So to sum up, feels, like its predecessor, that it could use more polish and prose editing. Its bones though are even stronger, and it accomplishes more with language than its predecessor attempted. Barring a sour final step, its puzzles were also both fairer and more satisfying. I turned this into an outright comparison. Didn’t mean to do that. Both are worth your time. (But this one is better.)
Played: 7/27/24
Playtime: 5min, 3/3 endings
Back before the internet enabled pervasive access to, euphemistically, “externally authored texts”, students had to work much harder to find shortcuts for research papers and book reviews. (Well, maybe just ‘harder.’) Cliff’s Notes were the legendary black-and-yellow pamphlet size books of sweet, sweet relief from hundreds of pages of droning on about, I dunno, whaling practices. While indispensable for adolescents that wanted a social life, they could be… clinical. They described plot beats, explained literary flourishes, notable prose characteristics, historical context. Great for impressing English teachers (who, in retrospect, were probably not as fooled as we kids believed). Not so great for actually EXPERIENCING the celebrated prose, thrilling to plot beats, or watching the author’s mind unveiled in its idiosyncratic glory.
NYX is a repudiation of Cliff’s Notes cold distillation. “I’m not gonna EXPLAIN (Spoiler - click to show)Alien to you,” sez NYX. “Imma speed run it for you.” Framed as a last transmission from a doomed spaceship with a single player choice, it packs an entire dramatic arc into an insanely tight time frame, with an earned choice of diverse denouments. To me though, this was not the most interesting thing about it.

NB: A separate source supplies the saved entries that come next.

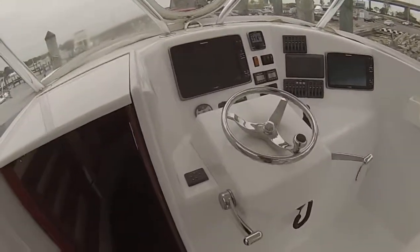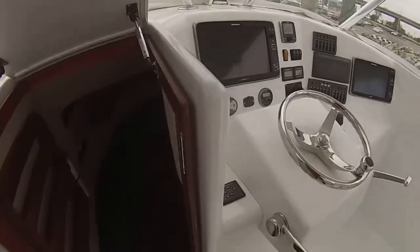Loaded Raymarine electronics, FLIR camera. Perfect boat to go over to the Bahamas, fish the Chesapeake, go up to New England.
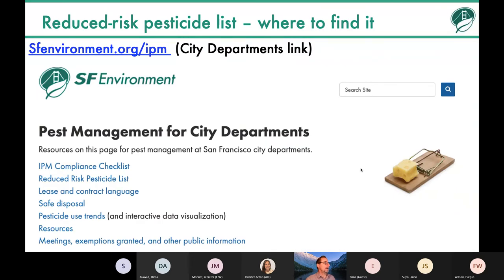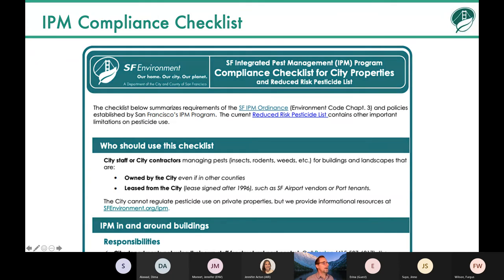You can find this and pretty much everything else you need on our webpage at sfenvironment.org/IPM — click on the city departments link and you'll see all these tools for compliance, including a compliance checklist. The compliance checklist is kind of everything I'm telling you today, but in written form with a lot of extra information — probably more than you need as leasees, but it's something you can share with your pest management contractors.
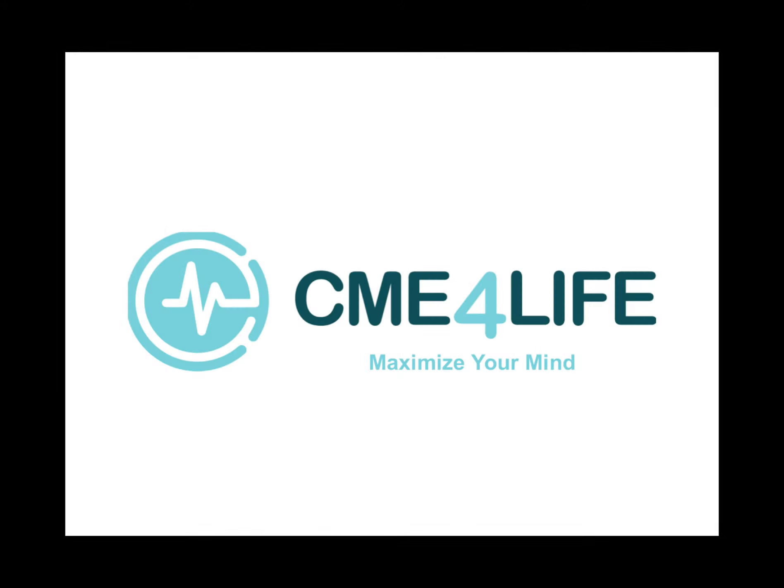Thank you for attending See Me For Life's board review course. These are, as promised, the trigger slides.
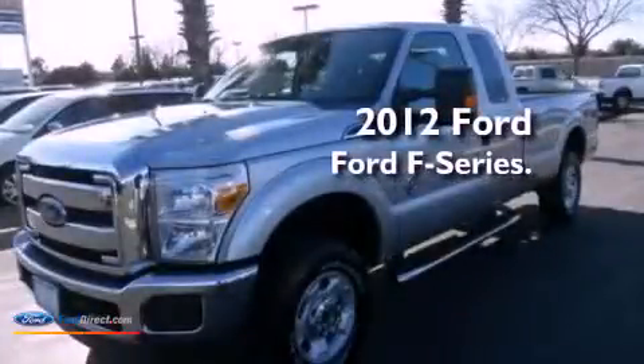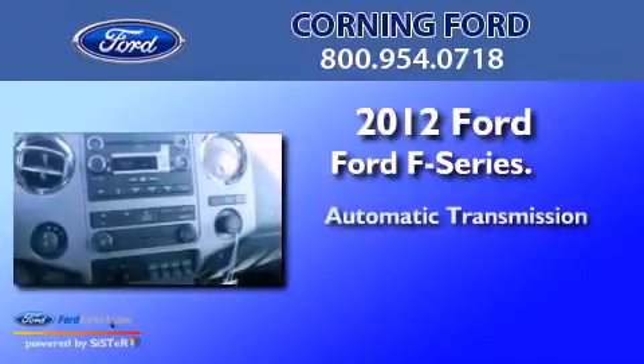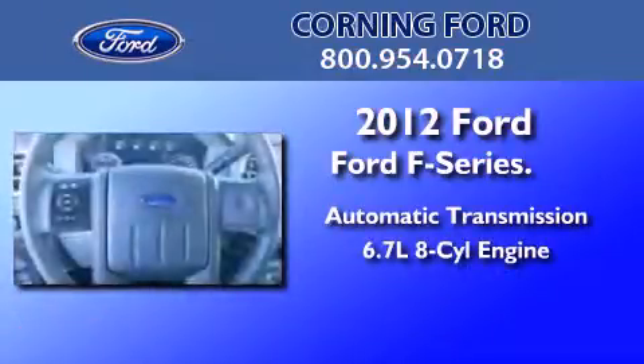This is a 2012 Ford F-Series. This truck has an automatic transmission and a 6.7-liter V8.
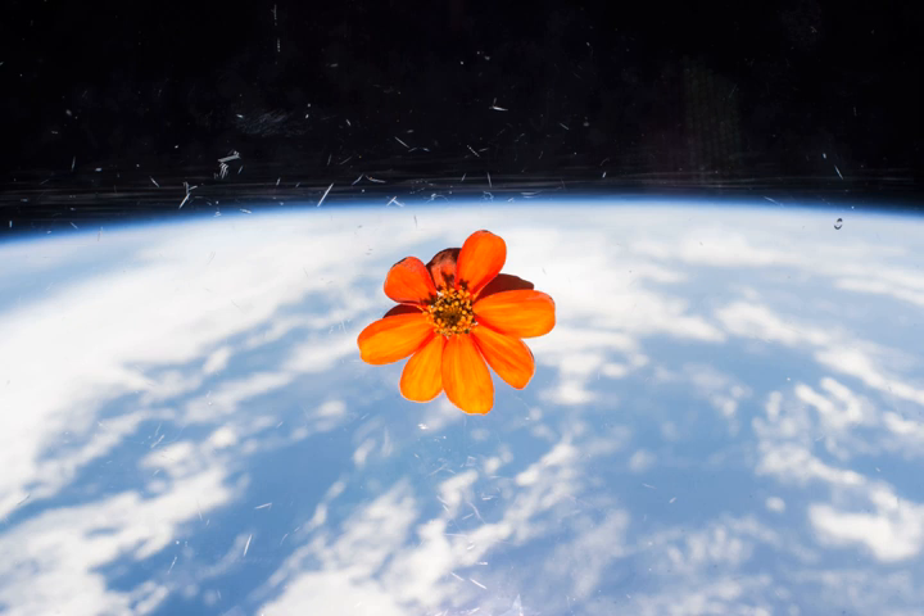In 2017, aboard ISS in one plant growth device, the fifth crop of Chinese cabbage, Brassica rapa, included an allotment for crew consumption, while the rest was saved for study. A Japanese artist took images of flowers and a bonsai tree in a near-space flight using a balloon.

I am a fan of this genre, this story’s most obvious inspiration, this subculture, and this author. There was NO chance I wasn’t going to like this. What I found most noteworthy though was the prose. Here’s why. Early on, the protagonist makes the well-known observation ‘we should send poets, not engineers, to space.’ Leaving aside the driveby on engineers there, have you READ THIS AUTHOR BEFORE? I mean, there is no one else I would send into space!! They have got to be on the launch shortlist, once NASA validates the poetry priority. Which made it so impressive to me that the voice for this work was exactly as aliterary as the work claimed. Chameleon-like, the author delivers a protagonist’s voice that is consistently, believably workmanlike and technical, which sold the story that much more solidly. It’s almost unfair and, given how DISTINCTIVE their most flourishing prose is, astonishing it is done this well. So sure, delivers punch in tight package, interesting alternative arcs, bla bla bla. Still, the RANGE of authorial voice is the compelling part. That was my big takeaway.

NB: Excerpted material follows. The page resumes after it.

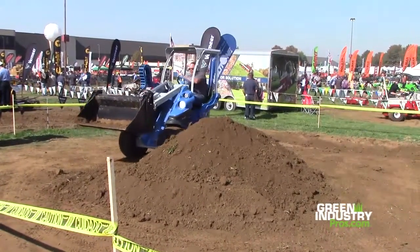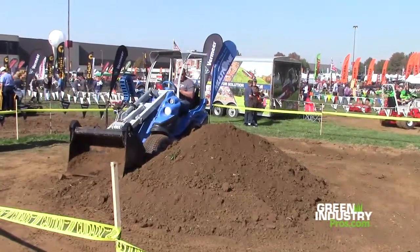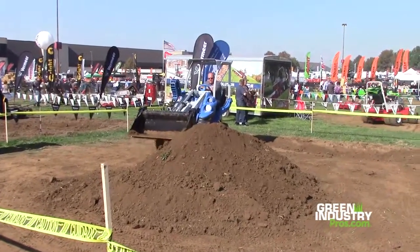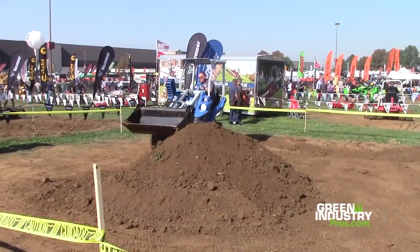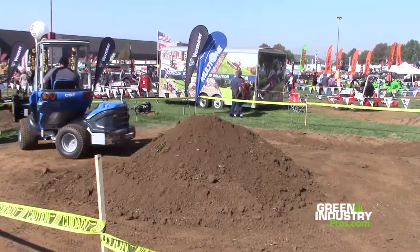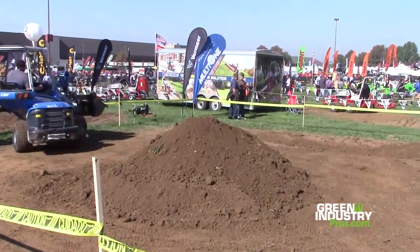Comfort-wise, looks like a lot of cab room — really nice and comfortable. And you were digging a hole; the hydraulics were smooth, very easy steering. So potentially down the road when you're needing to invest in some new construction equipment, something like this might be on your wish list. That's what we're just checking it out for.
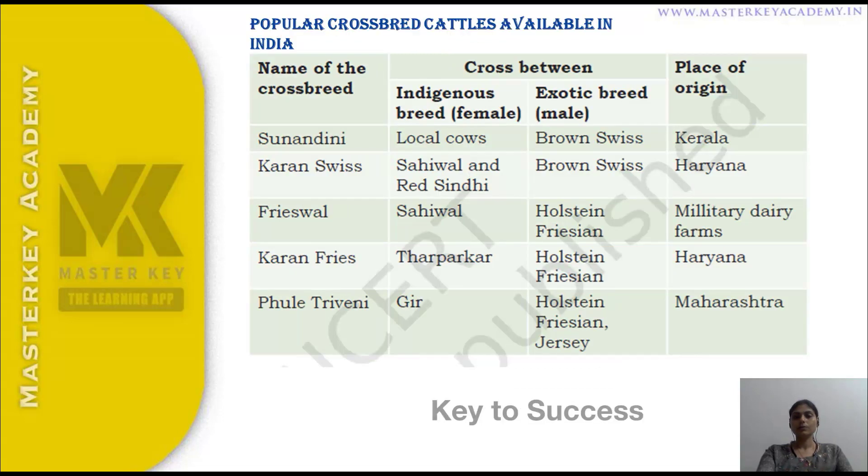The next topic is popular crossbreed cattle in India. We have now learned indigenous and exotic breeds. The crossbreeds are: Sunandini, Karan Swiss, Frieswal, Karan Fries, and Phule Triveni.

That, and the importance of self-destruct subsystems.
Played: 7/26/24
Playtime: 1hr, finished
This is billed as a beginner parser, and ok maybe. Certainly, veterans will find the puzzle play pretty straightforward. But a lot of what might uncharitably be called ‘training wheels’ by my strawman companion, I would characterize as ‘quality of life improvements.’ The work’s use of color to telegraph bespoke verbs and interesting nouns is particularly welcome. Room and object descriptions are so terse that they convey interesting details economically with no distracting prose chaff. Conversation trees were laughably shallow, having the effect of not distracting the player with misinterpretable color and ANY response being immediately flagged as useful. It’s not trying to give the illusion of alive NPCs, they are game pieces serving their purpose with clarity. Making the experience as friction free as possible is certainly a boon for new players, but honestly helps all of us!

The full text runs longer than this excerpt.